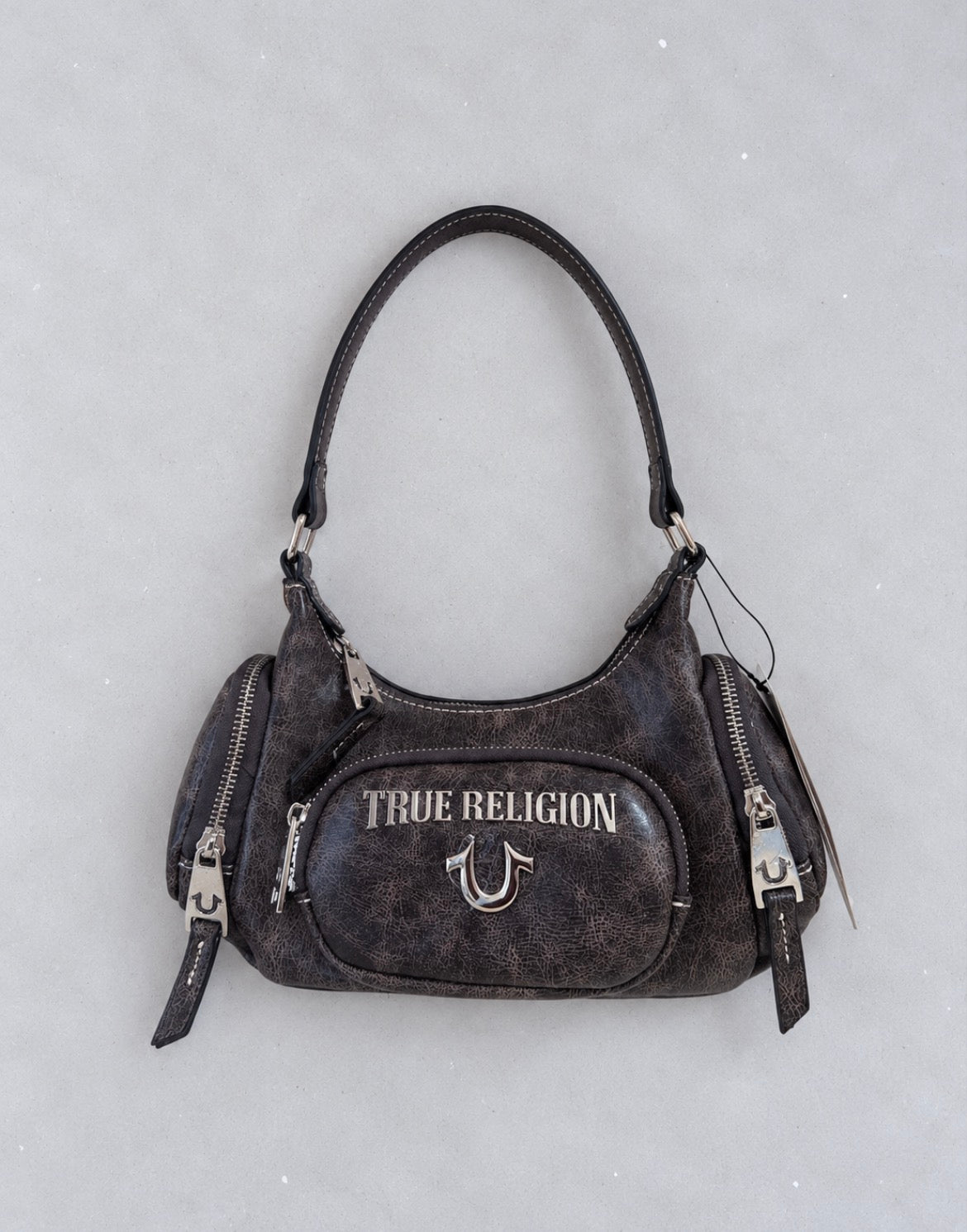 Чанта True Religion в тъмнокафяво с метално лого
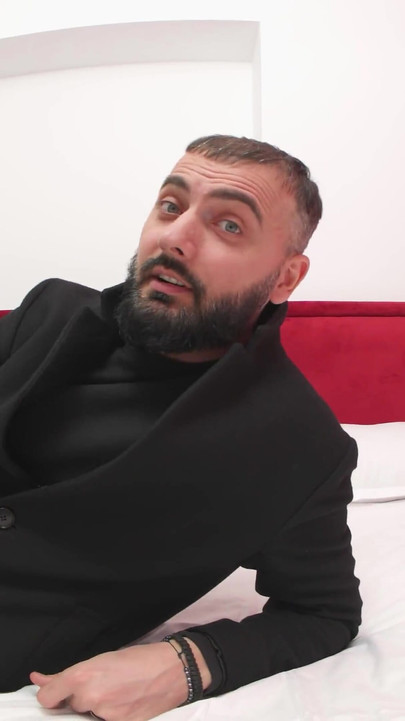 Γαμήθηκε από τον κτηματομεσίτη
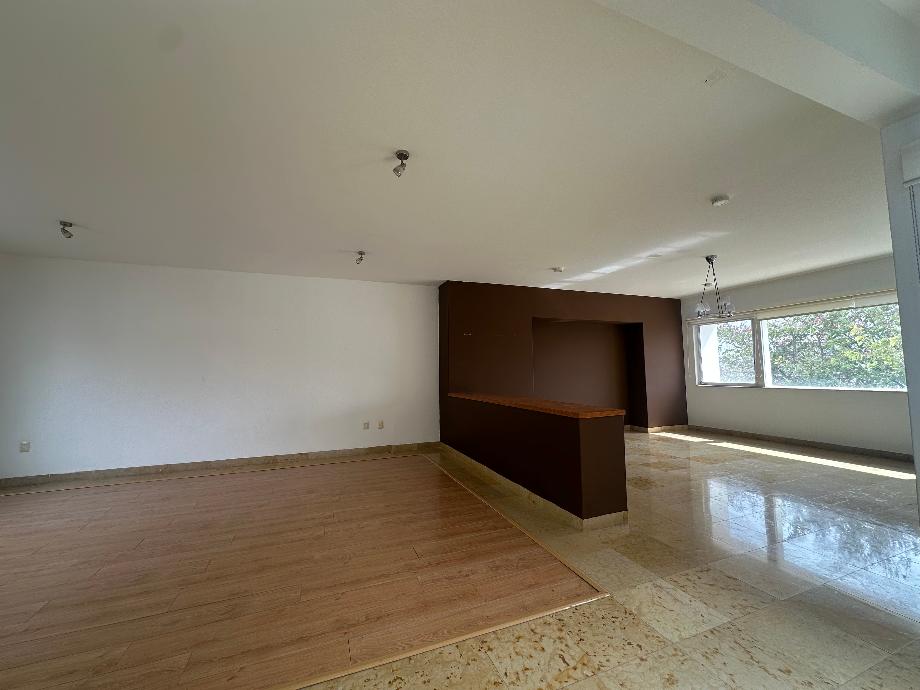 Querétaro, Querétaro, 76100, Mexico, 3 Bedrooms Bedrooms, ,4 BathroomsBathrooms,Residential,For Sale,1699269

-=-=-=-=-

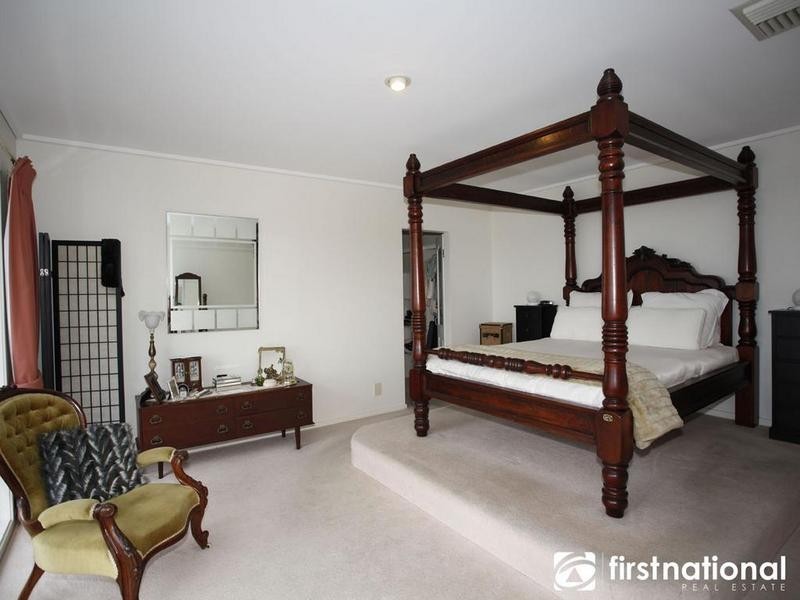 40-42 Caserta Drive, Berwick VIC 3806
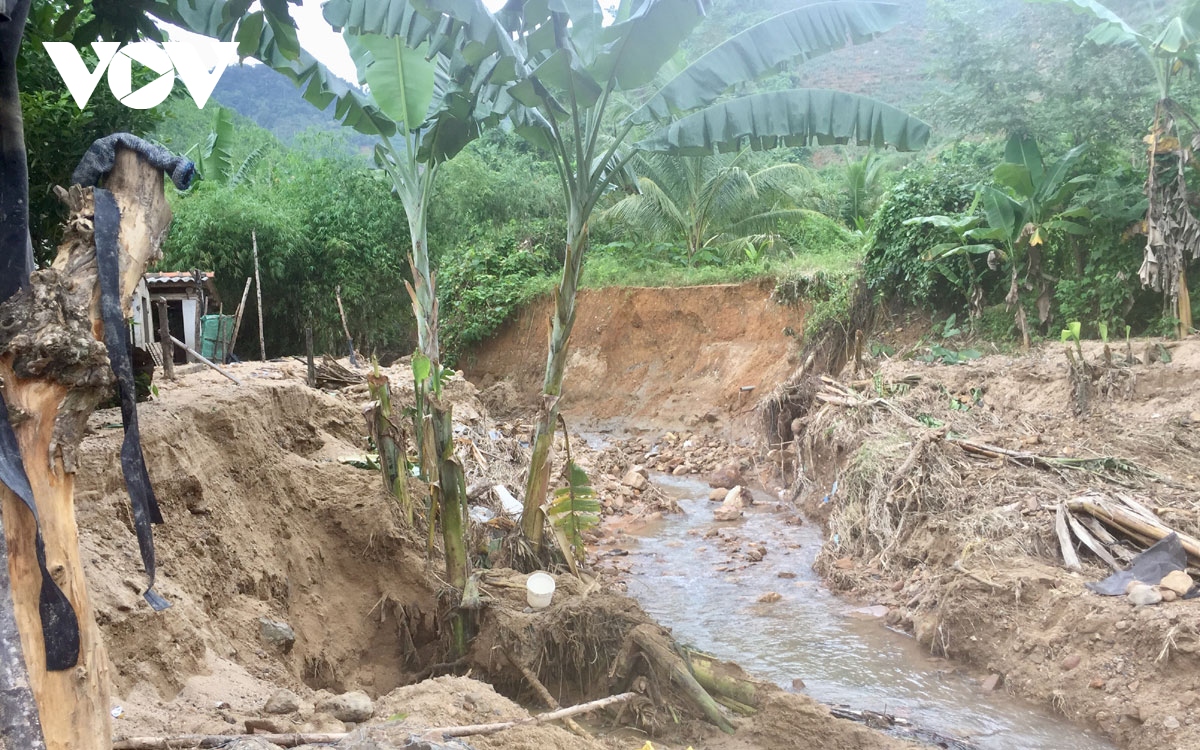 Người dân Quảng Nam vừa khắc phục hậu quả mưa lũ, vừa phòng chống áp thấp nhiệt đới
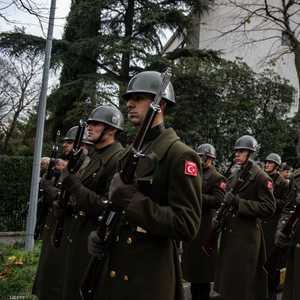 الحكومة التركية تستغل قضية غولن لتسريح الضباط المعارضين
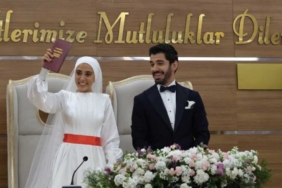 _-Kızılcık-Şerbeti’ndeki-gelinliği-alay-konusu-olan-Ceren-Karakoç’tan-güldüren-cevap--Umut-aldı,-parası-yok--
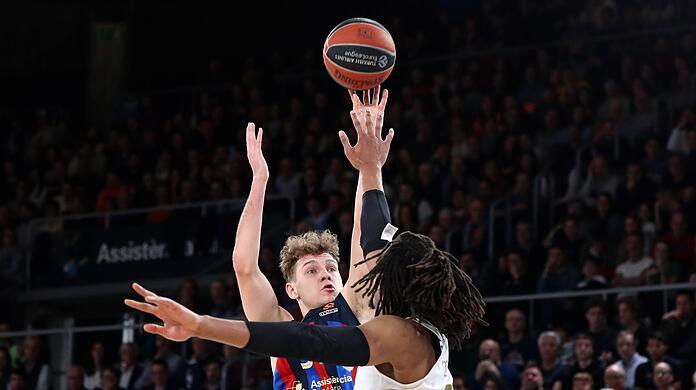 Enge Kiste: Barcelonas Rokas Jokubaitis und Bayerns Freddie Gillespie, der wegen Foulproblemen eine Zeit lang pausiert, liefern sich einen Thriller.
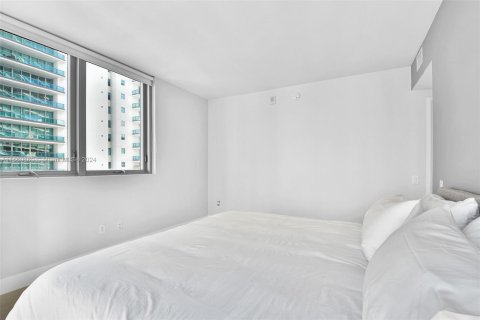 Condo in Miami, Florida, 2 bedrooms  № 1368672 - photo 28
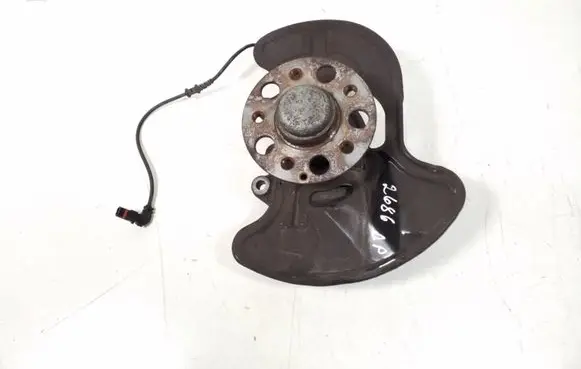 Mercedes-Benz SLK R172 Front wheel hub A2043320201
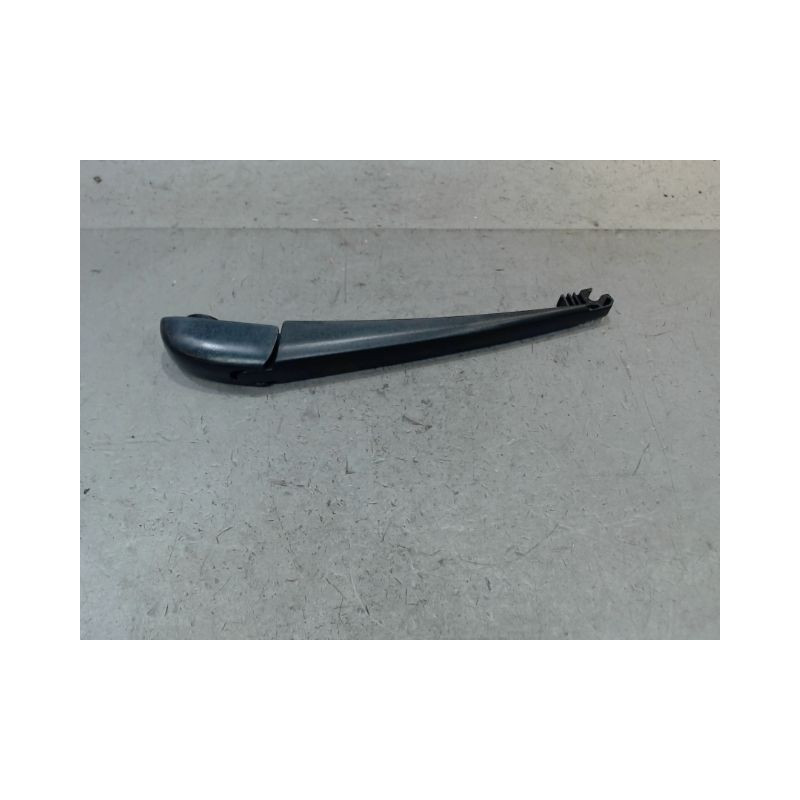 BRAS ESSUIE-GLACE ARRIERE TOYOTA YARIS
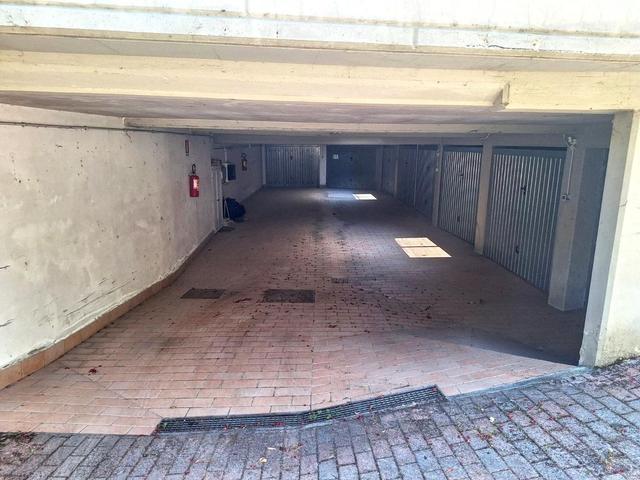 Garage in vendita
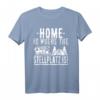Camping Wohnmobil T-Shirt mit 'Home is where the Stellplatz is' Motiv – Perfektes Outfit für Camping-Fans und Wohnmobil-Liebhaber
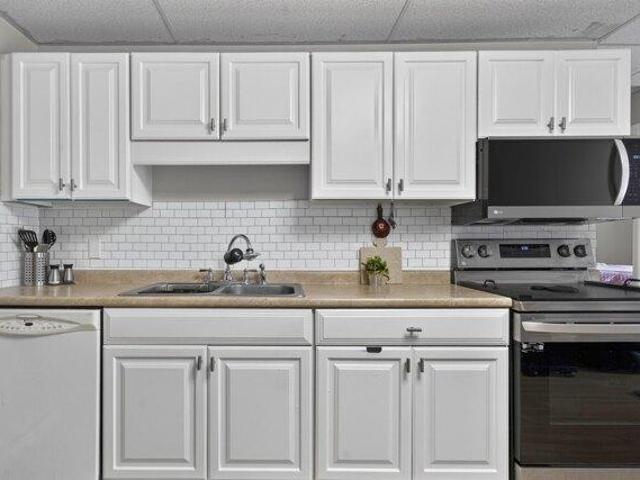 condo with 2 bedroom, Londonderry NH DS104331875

-=-=-=-=-

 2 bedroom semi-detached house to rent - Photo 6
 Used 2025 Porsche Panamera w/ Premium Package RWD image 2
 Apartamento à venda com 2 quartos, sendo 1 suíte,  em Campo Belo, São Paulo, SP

-=-=-=-=-

Your instructions: Your reply is to repeat, unchanged, the lines above running from the one with "Used 2025 Porsche" up to and including the one with "Apartamento à venda".

Response box:
 Used 2025 Porsche Panamera w/ Premium Package RWD image 2
 Apartamento à venda com 2 quartos, sendo 1 suíte,  em Campo Belo, São Paulo, SP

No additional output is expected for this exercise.